The number of persons meeting only the CI Trigger declined from 1.79 million to 571 000. The total number meeting the CI Trigger declined from 3.44 million to 1.93 million. The number meeting the ADL Trigger was unchanged at 2.96 million. The number meeting at least one of the triggers declined from 4.75 million to 3.53 million.
Although the HIPAA CI Trigger uses the terms severe cognitive impairment with a measurable impact, HIPAA did not provide guidance as to the specific cut-points one should use for standard tests such as the MMSE. As a consequence, there may be substantial variation in estimates of the size of the LTC population when different tests of cognitive functioning or different cut-points on the same tests are employed. The remainder of this research paper employs the criteria in Table 1.

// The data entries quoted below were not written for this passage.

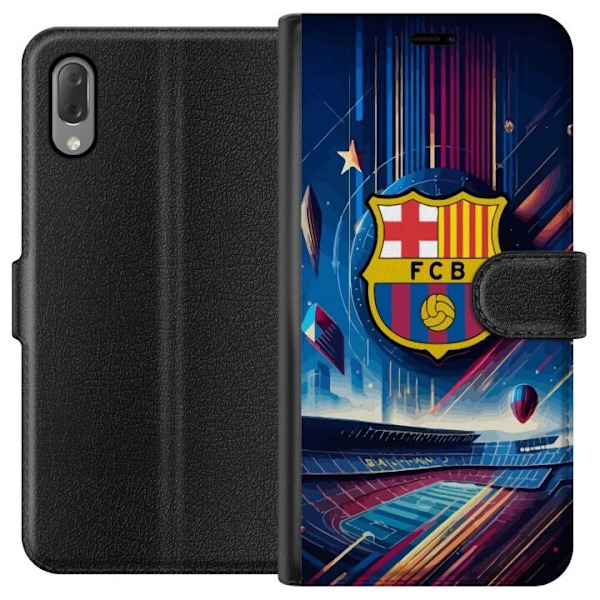 Sony Xperia L3 Lompakkokotelo FC Barcelona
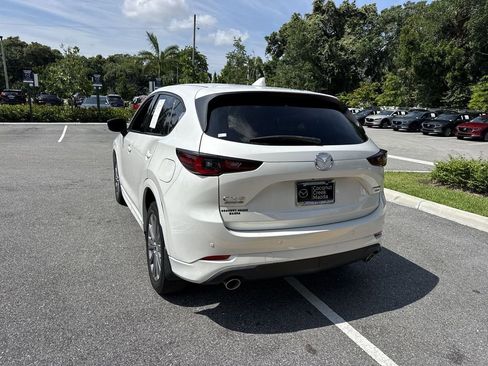 Certified 2023 MAZDA CX-5 Signature AWD/4WD image 13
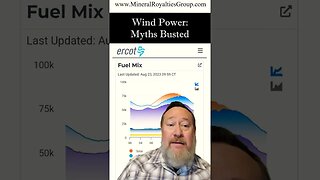 Wind Power: Myths Busted - Mineral Royalties #cleanenergy #windpower #naturalgas #ercot #greenenergy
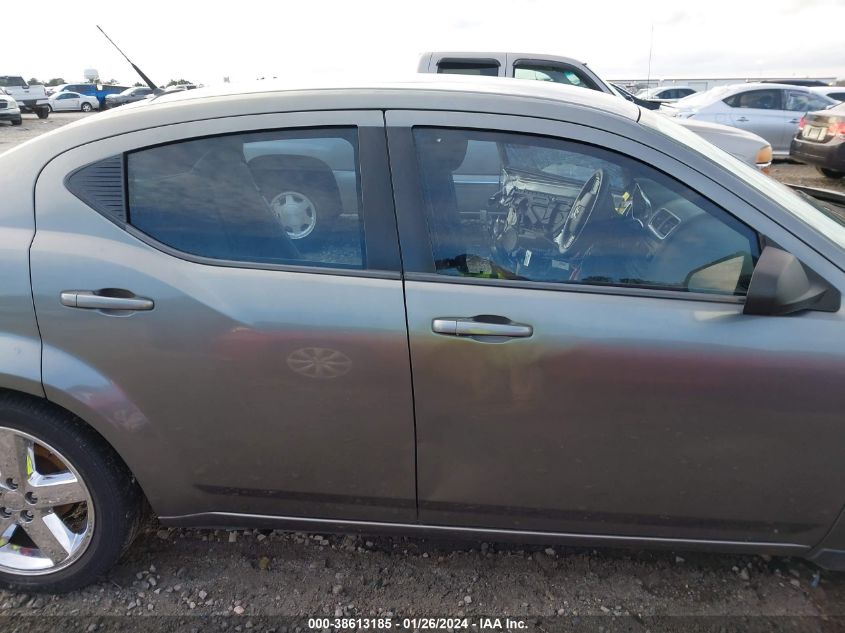 2013 DODGE AVENGER SE - 1C3CDZAG0DN771590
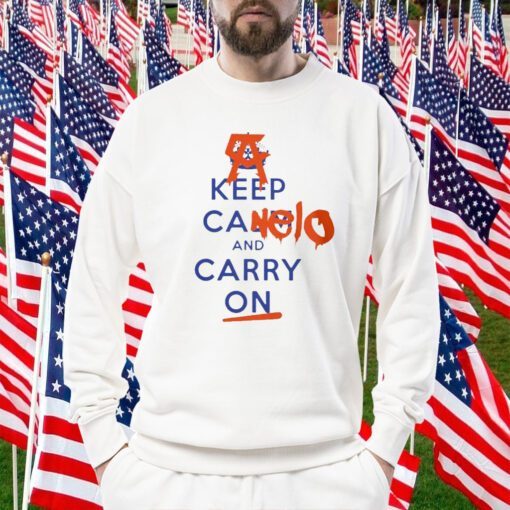 Canelo Alvarez Keep Calm And Carry On 2023 Shirt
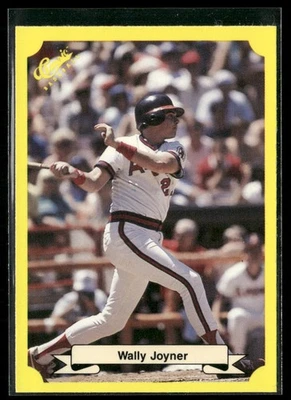 1987 Classic Update Yellow Travel Edition Wally Joyner Rookie California Angels - Image 1 of 2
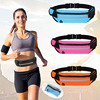 Sports belt bag for leisure, shockproof waterproof bag for cycling, teapot with bottle holder, for running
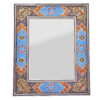 Persian Wooden Mirror Frame – Khatamkari Mahor Design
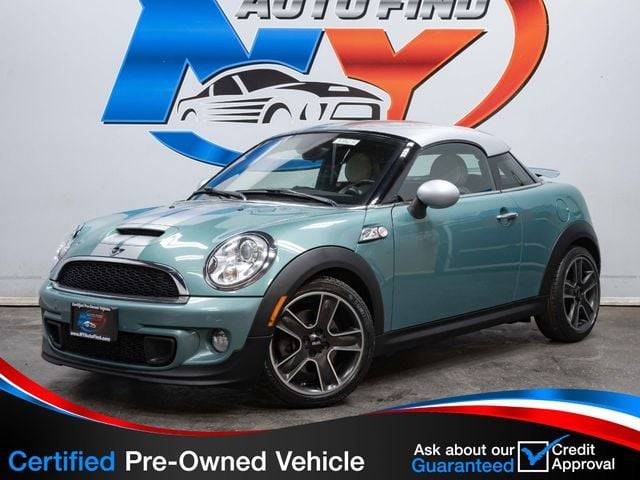 2012 MINI Cooper Coupe Cooper S — Coupe — 106,326 mi — Massapequa, NY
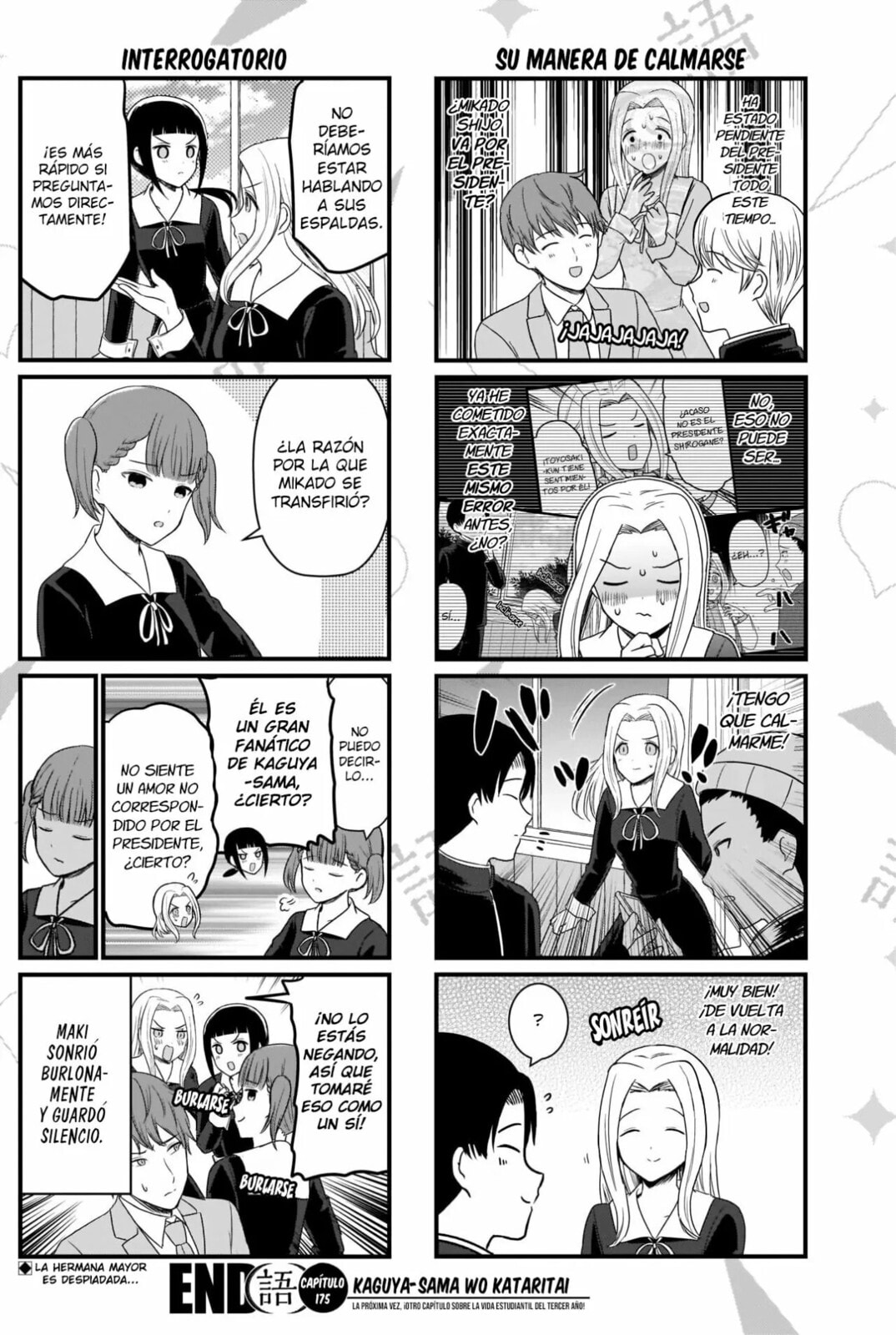 Read Kaguya sama wo Kataritai ES Manga Online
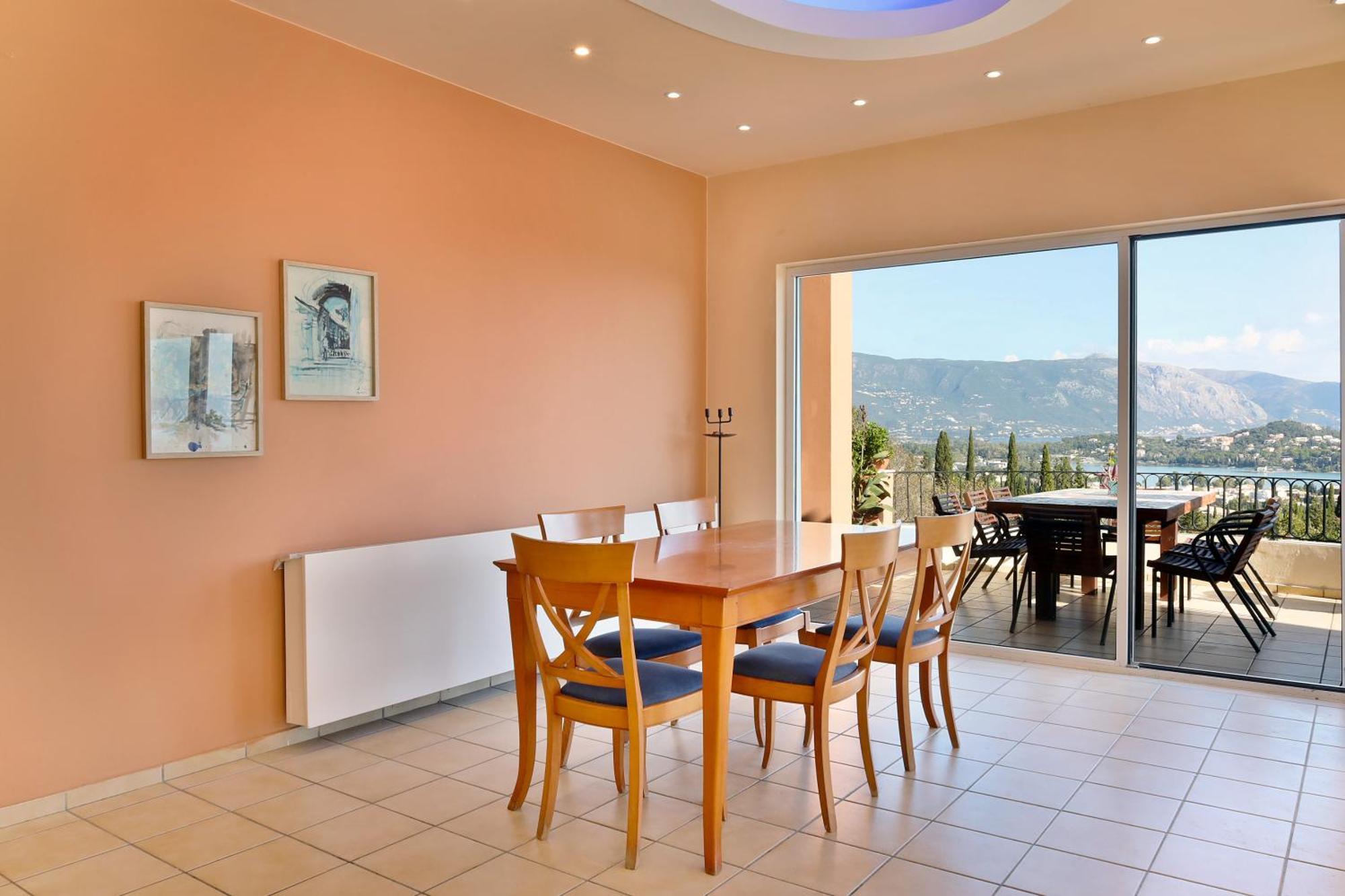 فيلا Casa T With Amazing Views In Corfu كونتوكالي المظهر الخارجي الصورة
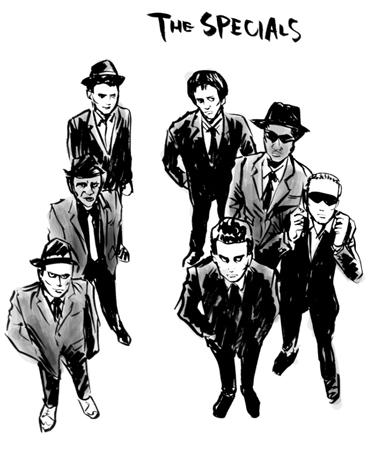 モノクロ7人組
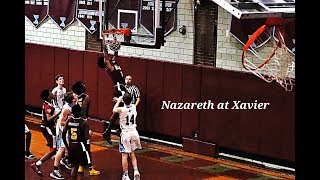 Nazareth at Xavier 01.30.19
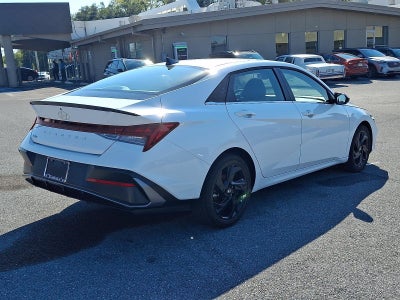 2026 Hyundai ELANTRA SEL Sport Premium
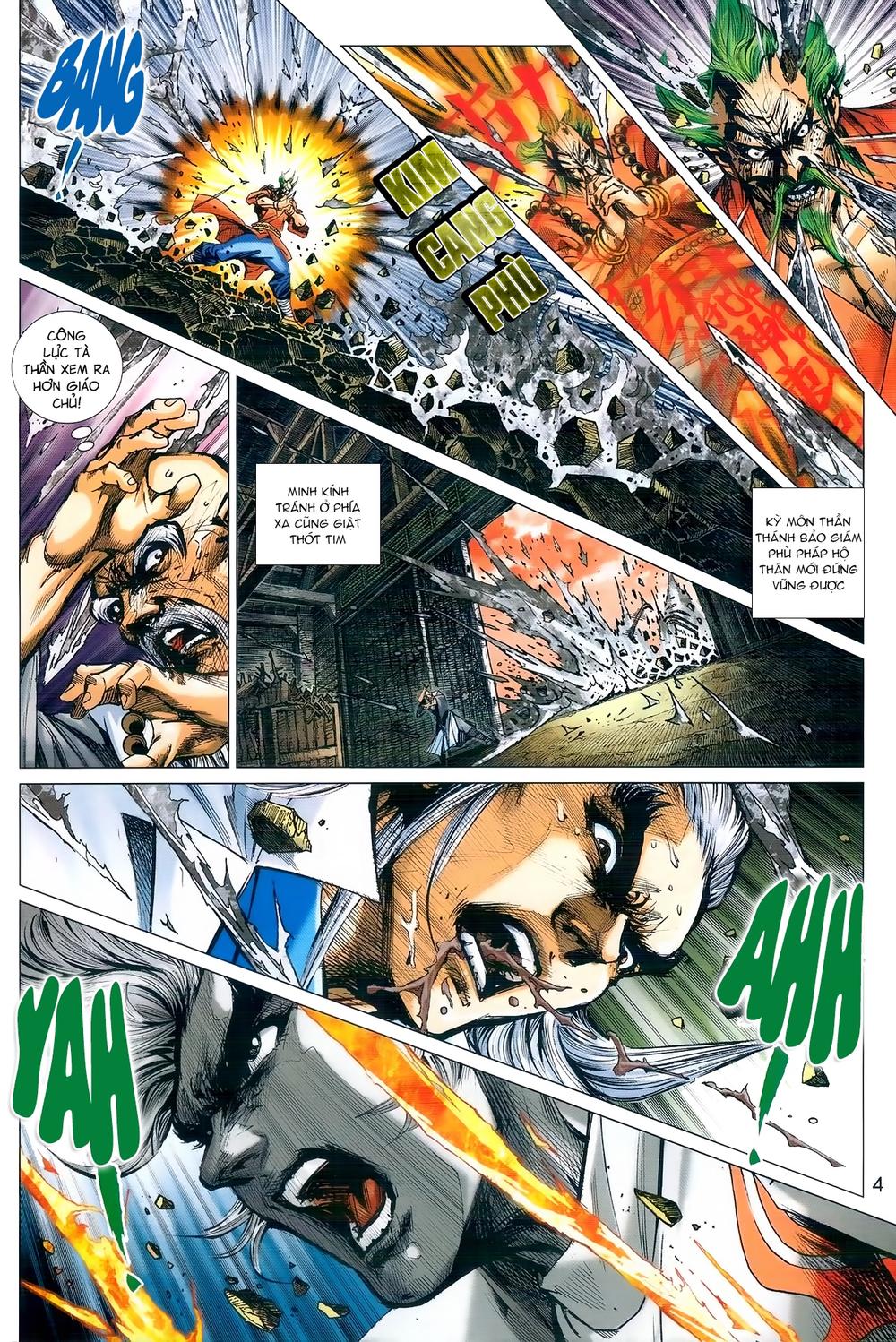 Long Hổ Môn Chapter 980 - Trang 2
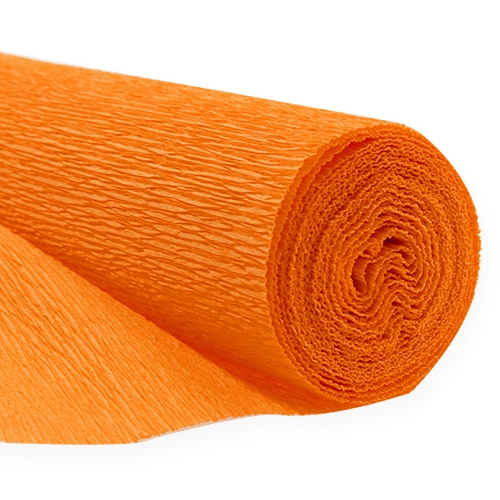 Bibuła Kwiaciarnia Pomarańczowa 50x250cm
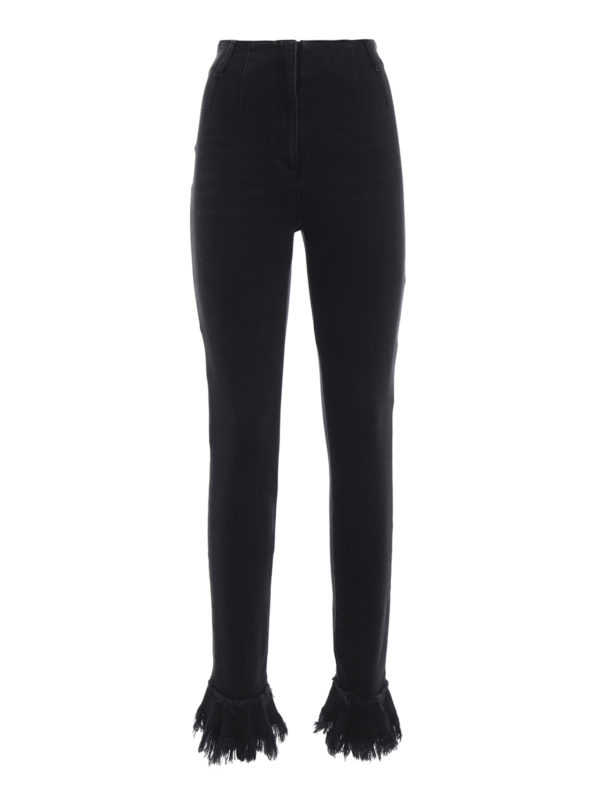 Philosophy di Lorenzo Serafini: Jeans pitillos - Vaqueros Pitillos - Negro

The cumulative totals at the right side of Table 1 show the distribution of the 2.96 million persons who met the HIPAA ADL Trigger. Of these, 2.00 million had four or more ADL limitations and 830 000 had six ADL limitations; and, of these, 62% and 72%, respectively, were also cognitively impaired.
The number of persons with any ADL or IADL limitation, including limitations in inside mobility, was estimated as 6.79 million. The number of nondisabled persons meeting the CI Trigger was 564 000 (108 000 in Table 2). Since the NLTCS did not screen for CI, this may be an underestimate of the true number. Thus the total number with any CI, ADL, or IADL limitation was at least 7.35 million.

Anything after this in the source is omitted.